Aircraft down in water off Oceanside CA

From San Diego Union-Tribune:

SAN DIEGO - The Coast Guard located floating debris and an oil slick in the ocean Friday and were searching for survivors after a small airplane went down 30 miles off Oceanside.

Officials had not been able to identify the aircraft or anyone on board as of Friday night.

Boaters reported seeing a small civilian plane go nose down into the water about 10 miles from them and 25 miles east of San Clemente Island about 2 p.m., said Lt. Joshua Nelson of the U.S. Coast Guard station in San Diego.

It took the boaters 20 to 30 minutes to reach the spot, where they found aircraft debris about midway between the island and Oceanside, Nelson said.

Two Coast Guard vessels and private boaters searched for survivors, along with a Coast Guard MH-60 helicopter and a Marine Corps C-130 transport plane, Coast Guard Lt. j.g. Amanda Sardone said.

Coast Guard crews found small pieces of aluminum, plastic foam and carpet and a small oil slick consistent with a private plane, Nelson said.

Nelson said Coast Guard and Federal Aviation Administration officials were calling every airport control tower in Southern California along with flight schools and individual pilots, hoping to identify a missing plane.

Three Coast Guard vessels were to keep searching overnight and be joined at sunrise by a helicopter until there is no chance that anyone in the crash survived, Nelson said.

The Coast Guard initially cited reports that a plane that had taken off from Montgomery Field was unaccounted for, but later backed away from that account.

The following link is NOT from the accident aircraft. This is just to show the approximate area of the crash. The western-most point of THIS TRACK is right about where it apparently happened. This may be what the USCG was looking at when they said the plane took off from KMYF…but the times are all wrong so they retracted that statement. (My guess)

An excerpt from a local TV station’s website

FAA spokesman Ian Gregor said the pilot had checked out the red-and-white, single-engine Cessna 172 from the Golden Wings Flying Club at Montgomery Field in San Diego. The rented plane was registered to Blossom Valley Aviation LLC.

The pilot indicated he was going to make a round trip to French Valley, about 60 miles north, returning around 5 p.m.

The pilot was not planning to talk to air traffic controllers during his flight, and the FAA did not receive any mayday calls from pilots in the San Diego area, Gregor said.

No flight plan was filed, and I can’t find what the tail number was just yet, since it’s not up on the FAA site as of this posting.

If the pilot was really going to French Valley (F70), then he was quite a ways off course., unless some sightseeing was in the works.

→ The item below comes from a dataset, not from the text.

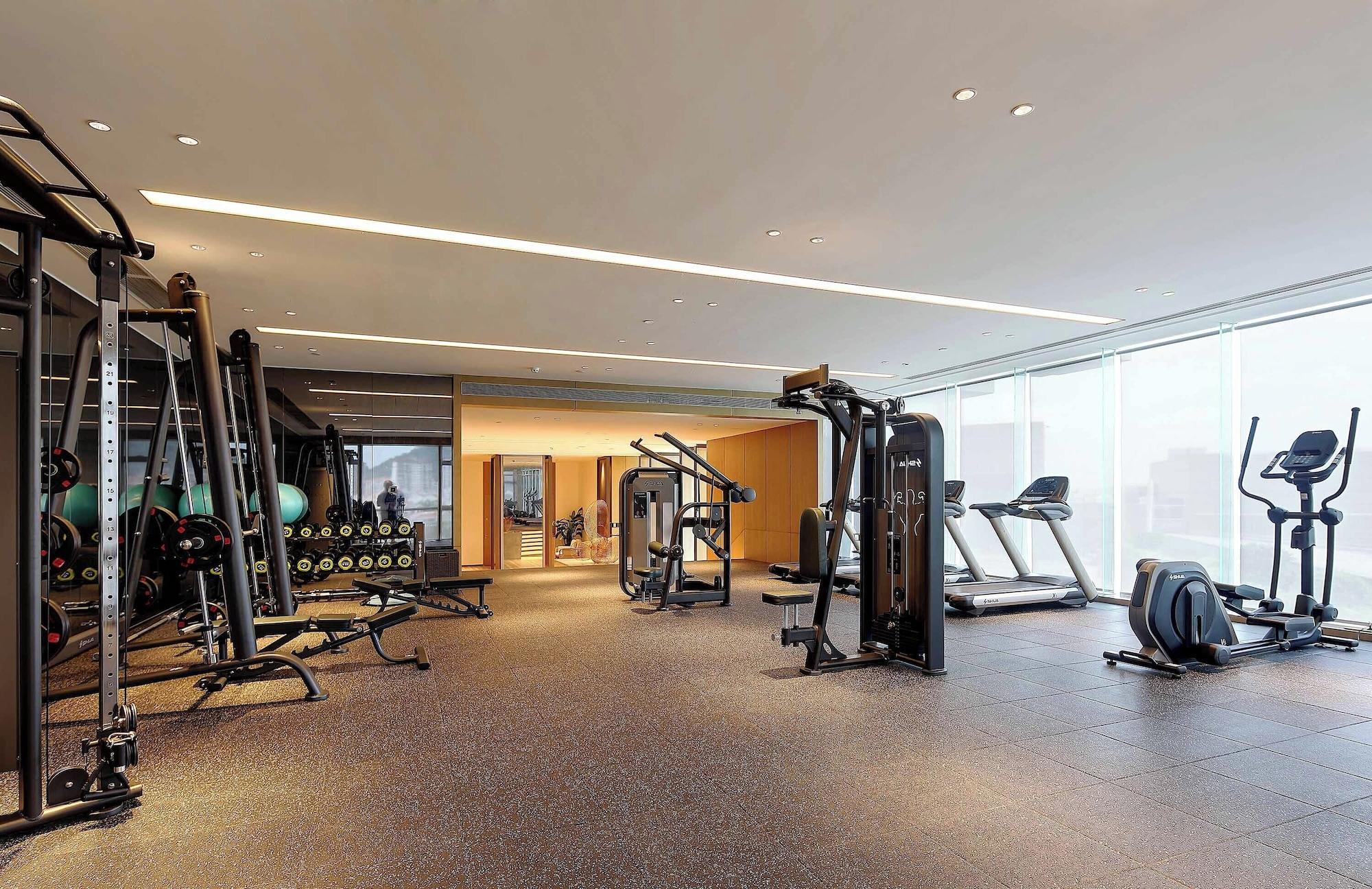 Gimnasio Dongguan Dongcheng International Hotel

I see seven 172s registered to Blossom Valley Aviation at the FAA’s website. I looked at the history for each of them and I couldn’t eliminate any possibilities from that.

I searched Airliners.net and Airport-Data.com and based on the FAA description it could be one of four aircraft:

N339SP
N5223E
N5424V
N726RJ

This is all assuming that they know for sure about the description.